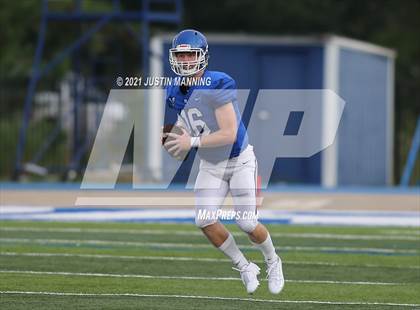 Thumbnail 3 in Pulaski Academy @ Bryant (Scrimmage) photogallery.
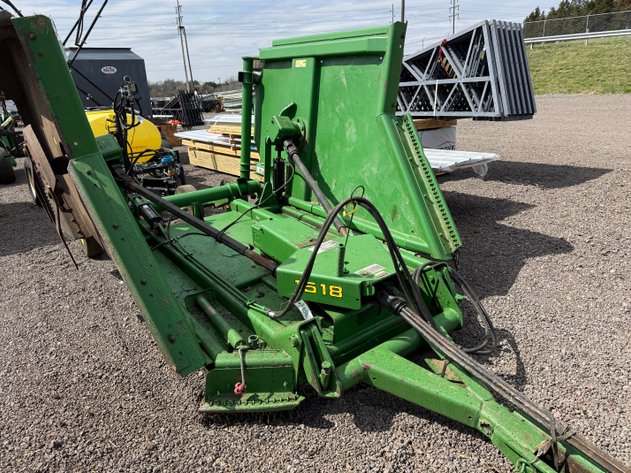 Image for JOHN DEERE 1518 15' BATWING ROTARY CUTTER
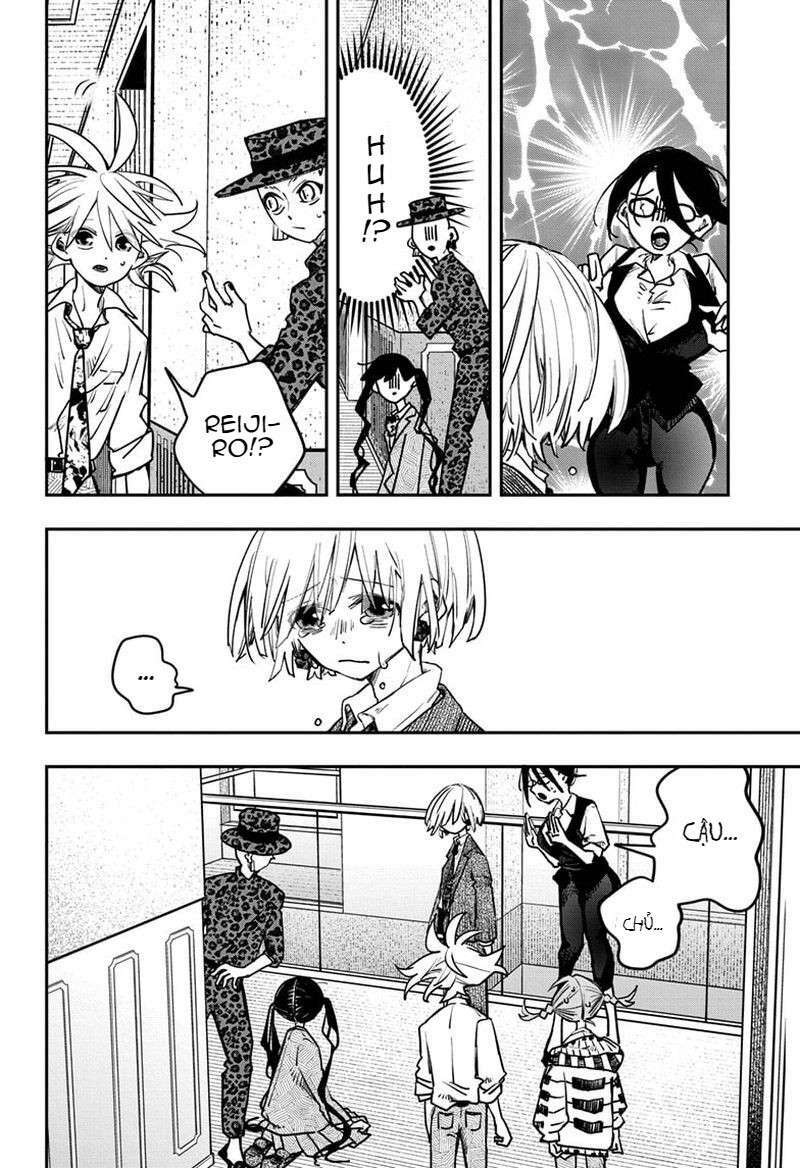 Pppppp Chapter 8 - TC Truyện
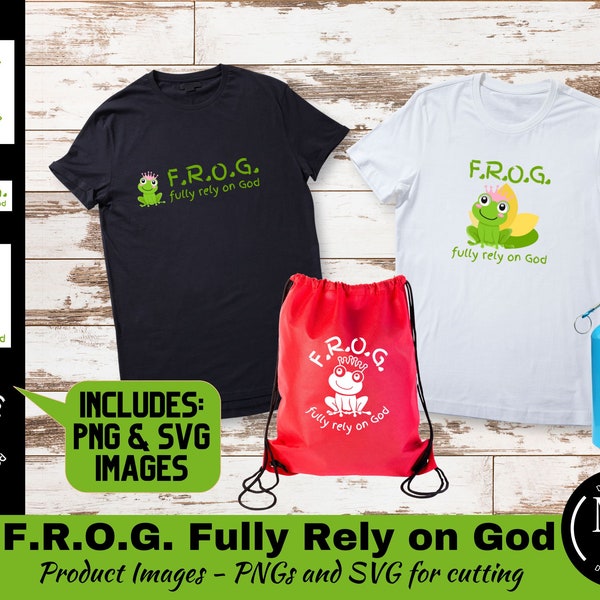 Fully Rely on God - Etsy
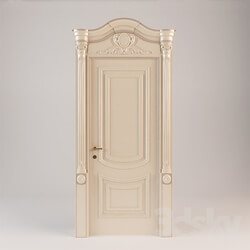 Doors - Wooden doors Luigi XVI New design porte Emozioni 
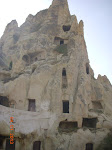 Cappadocia - Goreme Open Air Museum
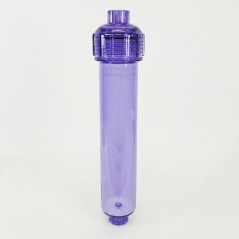 Filtre à Eau en Ligne Rechargeable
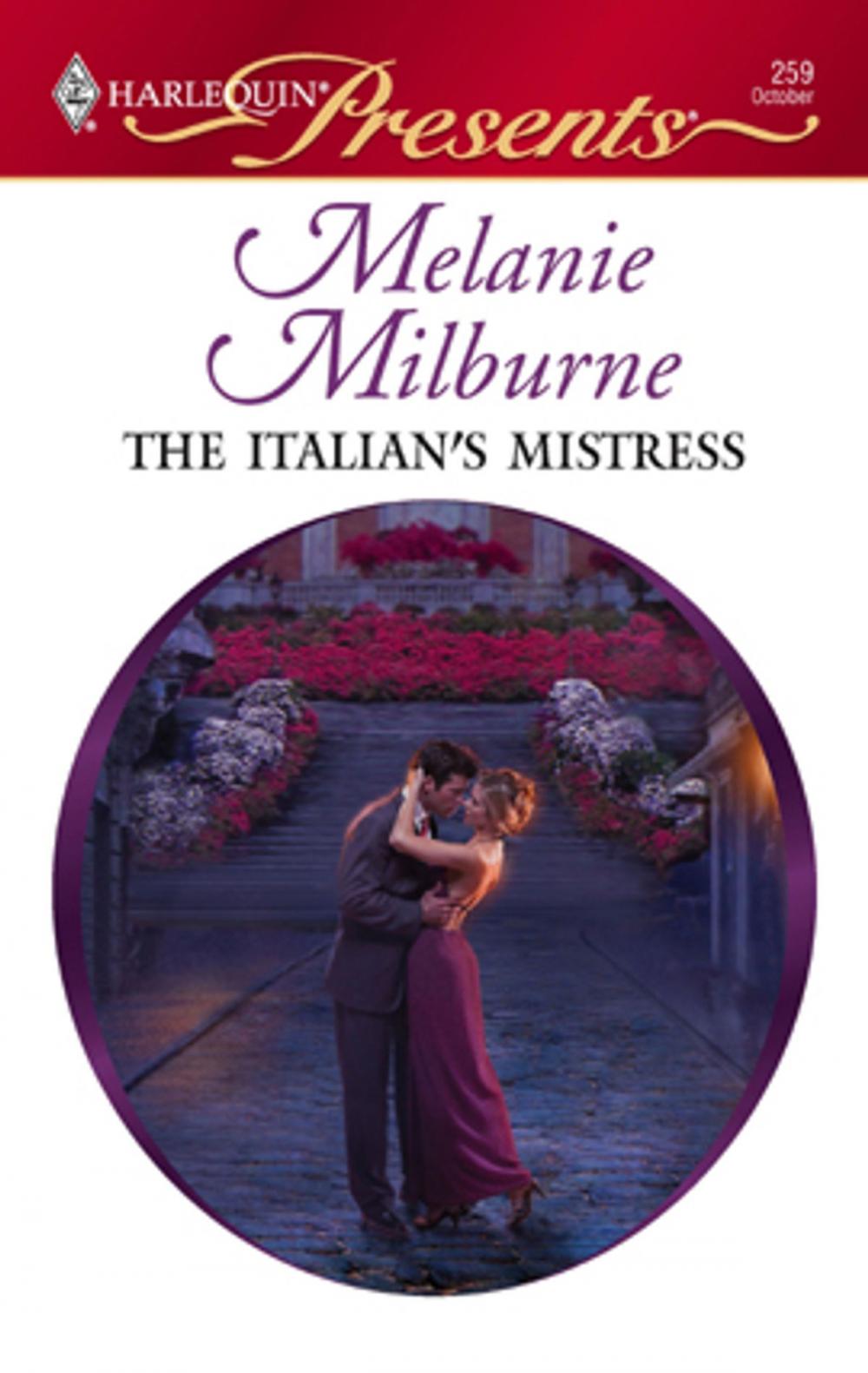 Big bigCover of The Italian's Mistress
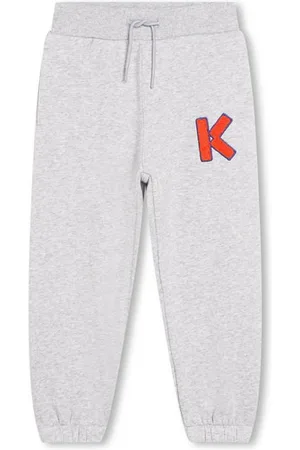 Kenzo Logo Jogging Bottoms Boys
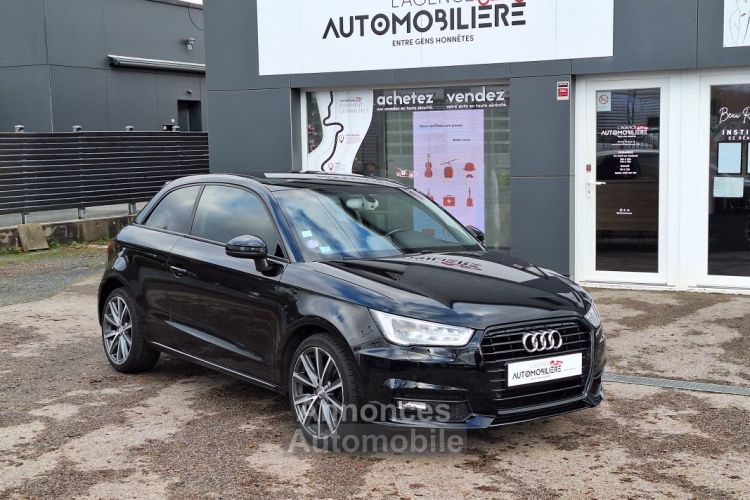 Audi A1 1.0 TFSI 95 S-LINE S-TRONIC - TOIT OUVRANT - BOITE AUTO - <small></small> 14.490 € <small>TTC</small> - #1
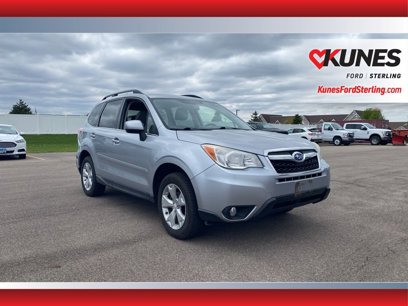 Used 2015 Subaru Forester 2.5i Limited w/ Popular Package #1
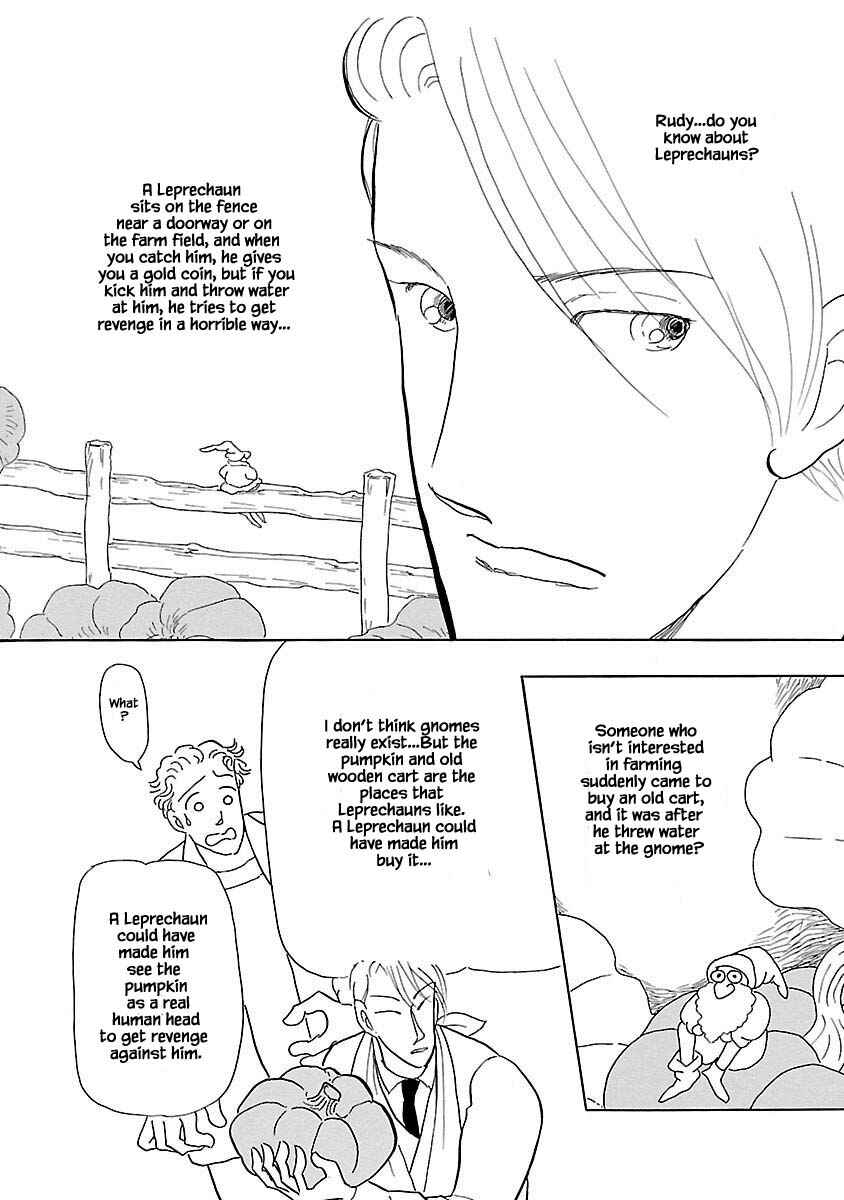 Page 21 Chapter 7 Henjin Tantei Emu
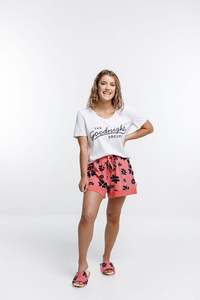 Bottoms: BOXER SHORTS FULL OF LOVE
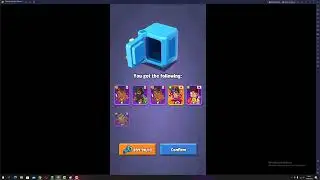 idle mafia 9000000 Mystery Safe Box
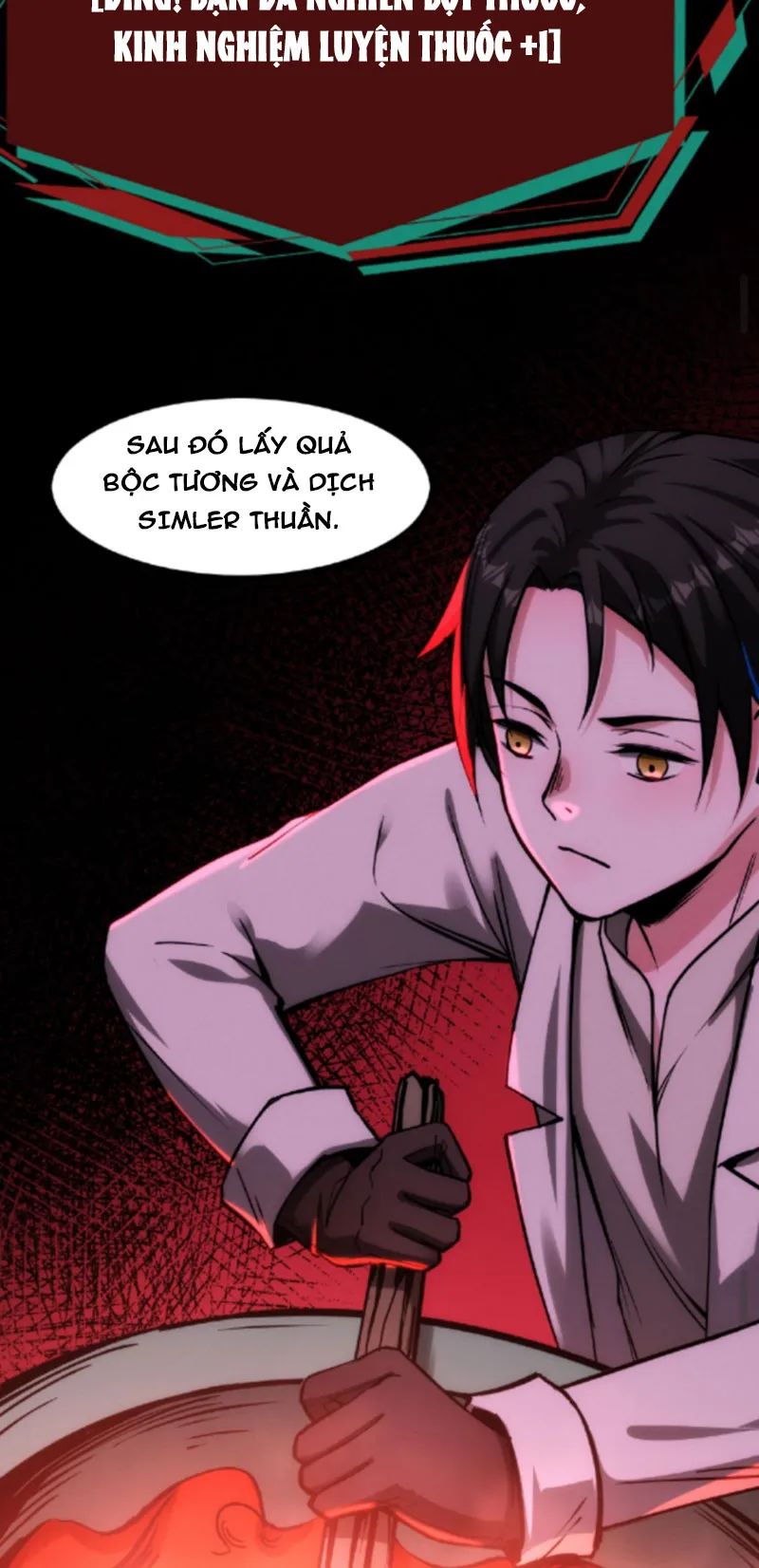 quỷ dị dược tề sư: bệnh nhân của ta đều là kinh khủng chapter 49 16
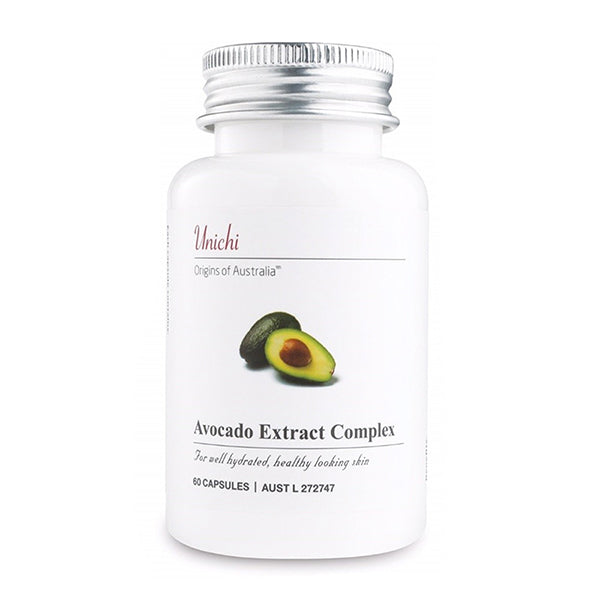 유니치 아보카도 엑스트렉트 컴플렉스 60 캡슐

INSTRUCTIONS FOR THE TASK: Retype word for word the span of lines above that begins with the line containing "Bottoms: BOXER SHORTS FULL OF LOVE" and ends with the last line of the records; skip all pictures.

WRITTEN ANSWER:
 Bottoms: BOXER SHORTS FULL OF LOVE
 idle mafia 9000000 Mystery Safe Box
 quỷ dị dược tề sư: bệnh nhân của ta đều là kinh khủng chapter 49 16
 유니치 아보카도 엑스트렉트 컴플렉스 60 캡슐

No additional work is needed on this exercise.